(DATASET EXTRACT)

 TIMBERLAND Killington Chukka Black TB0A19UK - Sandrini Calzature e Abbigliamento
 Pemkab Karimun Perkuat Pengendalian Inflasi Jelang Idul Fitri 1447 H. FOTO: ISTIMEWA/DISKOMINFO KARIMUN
* * *
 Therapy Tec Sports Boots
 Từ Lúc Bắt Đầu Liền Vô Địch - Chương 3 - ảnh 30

(TASK DESCRIPTION) Every line above from the line with "TIMBERLAND Killington Chukka" to the line with "Pemkab Karimun Perkuat", inclusive, must be returned exactly; no other line belongs in the reply.

(SOLUTION BELOW)
 TIMBERLAND Killington Chukka Black TB0A19UK - Sandrini Calzature e Abbigliamento
 Pemkab Karimun Perkuat Pengendalian Inflasi Jelang Idul Fitri 1447 H. FOTO: ISTIMEWA/DISKOMINFO KARIMUN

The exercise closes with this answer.